The court thus rejected the policy of President Donald Trump's administration, which classified all migrants who entered without authorization as "applicants for admission," a category that denied them any possibility of requesting bail before an immigration judge, regardless of how long they had been residing in the country.
The ruling, split 2-1, pertains to the case Hernández Álvarez v. Warden, Federal Detention Center Miami (No. 25-14065), originated by the detention of two Mexican citizens residing in Florida following separate traffic stops in September of last year.
One of them, Fidencio Hernández Álvarez, has two children who are U.S. citizens and did not have any serious criminal records. The other, Ismael Cerro Pérez, has been living in the United States since 2015 and is the father of three children who are citizens.
Both were transferred to federal detention centers in Miami and the Krome Processing Center, respectively, with no opportunity to request bail.
In the majority opinion, the court was emphatic: "In short, the language that Congress has chosen to use does not grant the Executive Branch unlimited authority to detain—without the possibility of bail—any inadmissible foreigner present in the country."
The ruling added that "nowhere in the text, structure, or history of the INA (Immigration and Nationality Act) does that interpretation find a solid foundation."
The only dissenter on the panel was Judge Barbara Lagoa, appointed by Trump himself.
Given the division among circuits, it is expected that the legal battle will reach the Supreme Court of the United States, which will have to definitively decide whether the policy of mandatory detention without bail is constitutional.
The questioned policy was implemented through a memorandum from the acting director of ICE, Todd M. Lyons, signed on July 8, 2025, which ordered that all migrants who entered without inspection be treated as subject to mandatory detention without the possibility of bail, leaving releases solely at the discretion of the Department of Homeland Security.
That measure coincided with a budget allocation of $45 billion for ICE, which increased the daily detention capacity from 50,000 to 100,000 individuals.
The Eleventh Circuit's decision comes amid a deep division among the federal appellate courts in the country.
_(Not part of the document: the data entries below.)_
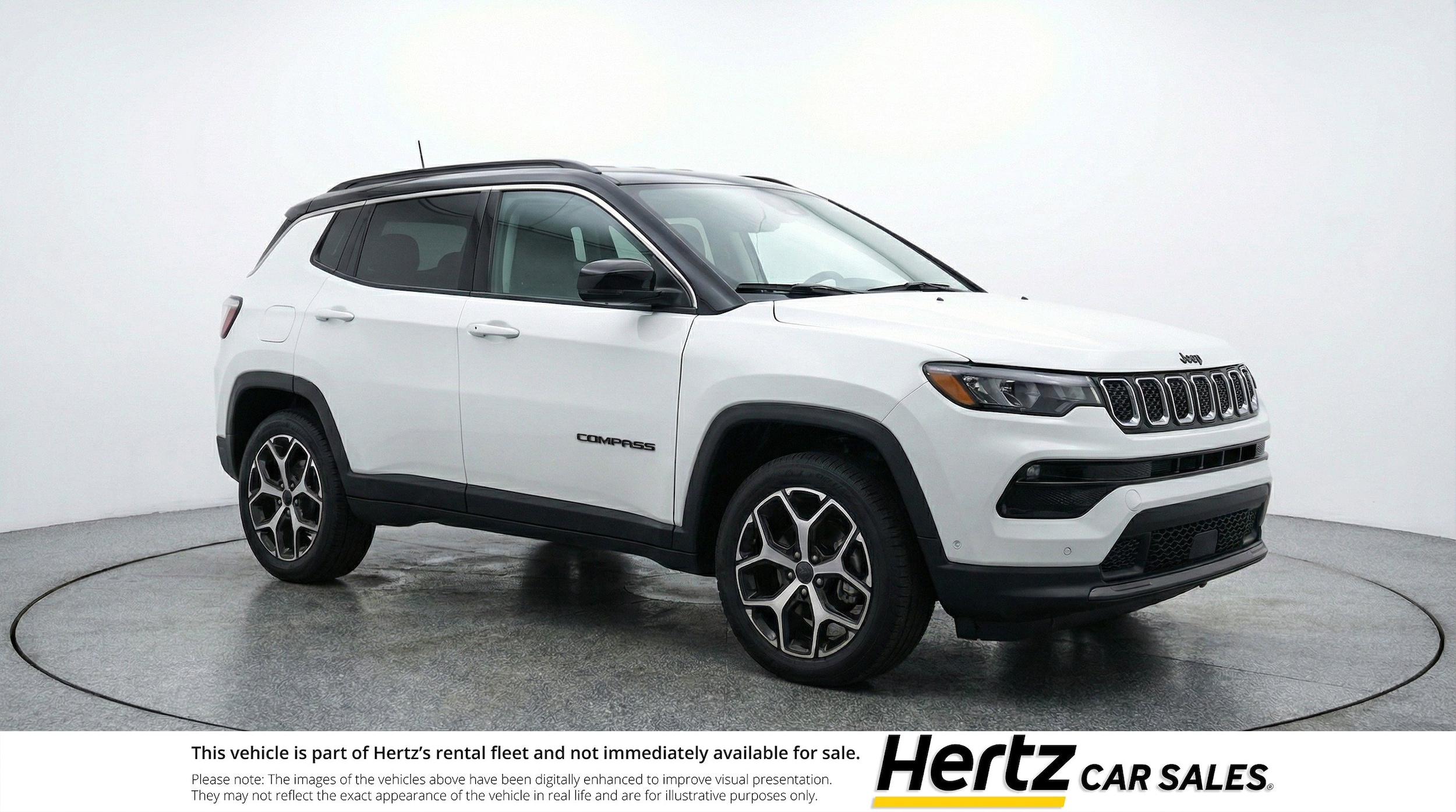 Thumbnail: 2025 Jeep Compass - 1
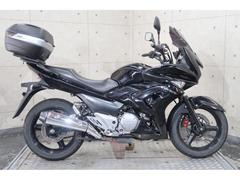 スズキ　ＧＳＲ２５０Ｆ　ＧＪ５５Ｄ　トップボックス　スモークウインドシールド　７１７９２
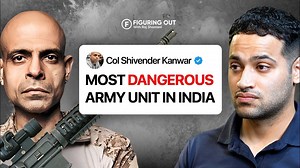 PARA SFs, Indian Army, Weapons & Dangerous Missions ft. Col. Shivender Kanwar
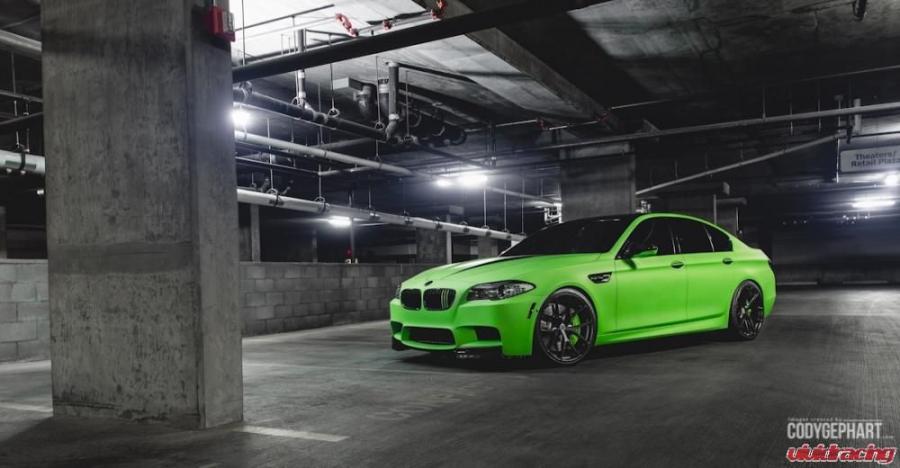  BMW M5 by Vivid Racing 2014 года  (фото 4 из 13)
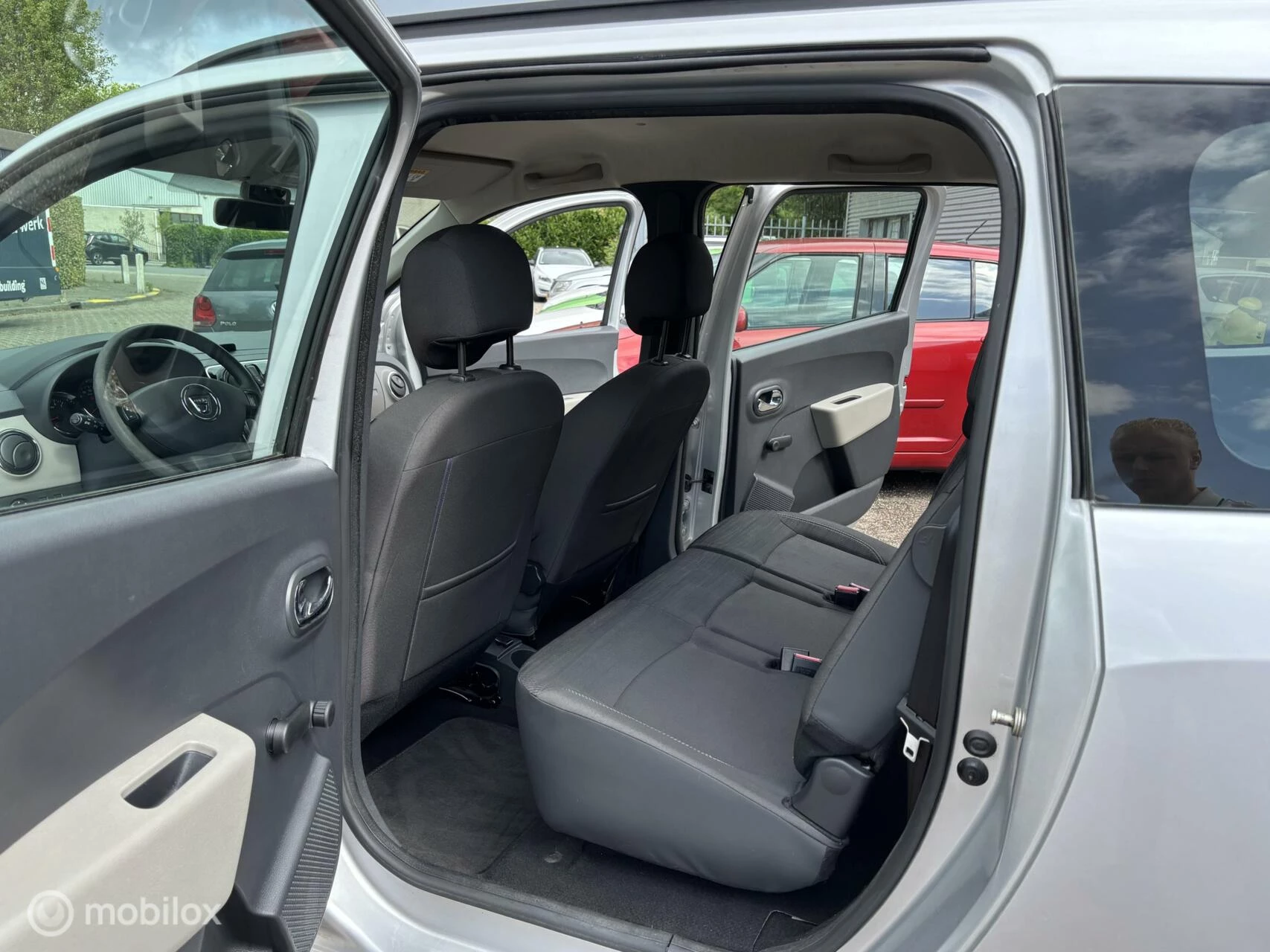 Hoofdafbeelding Dacia Lodgy
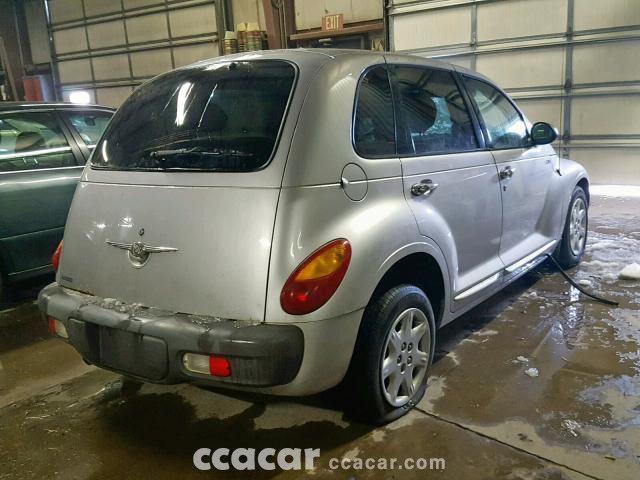 2001 CHRYSLER PT CRUISER SALVAGE | Salvage & Damaged Cars for Sale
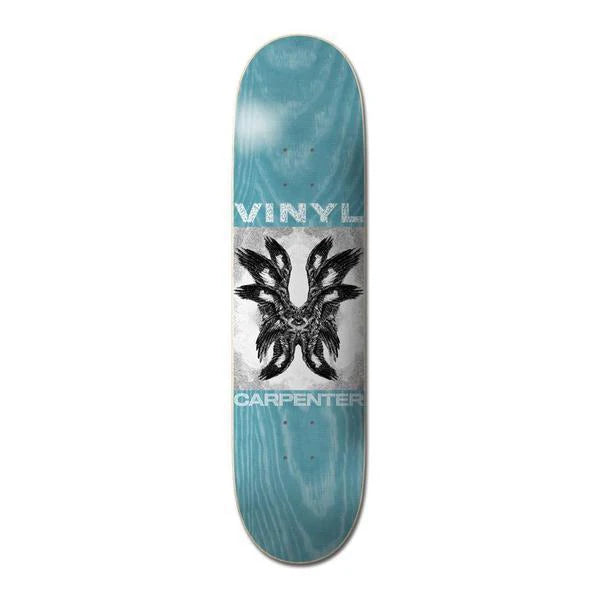 Vinyl -Carpenter Wings Green - 8.38"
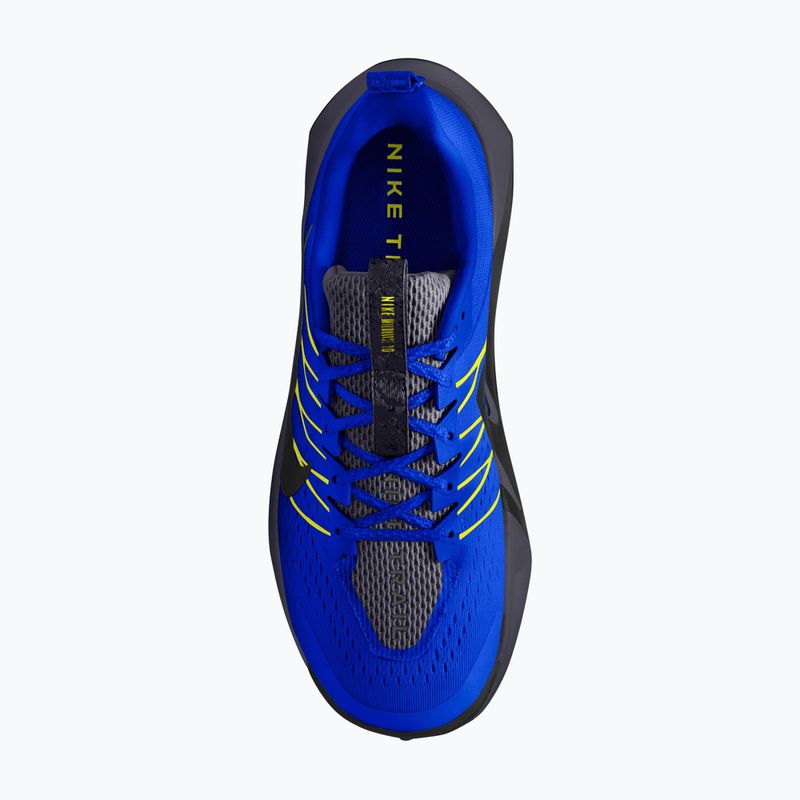 Мъжки обувки за бягане Nike Wildhorse 10 racer blue/gridiron/lemon venom/black 2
The Fifth Circuit and the Eighth Circuit backed the mandatory detention policy in split rulings of 2-1, while the Second Circuit unanimously rejected it on April 28, labeling it as "the broadest in the country's history for millions of non-citizens."
On that same Wednesday, the Seventh Circuit was deadlocked on the same issue, and the Third Circuit has oral arguments scheduled for next Monday.
The wave of judicial challenges has been historic: more than 30,000 habeas corpus petitions were filed in federal courts by migrants who could not request bail in immigration proceedings. Approximately 420 district judges rejected the government's position; only 47 supported it.
Arrests of migrants without criminal records increased by 770% under the Trump administration until April 2026, according to available data.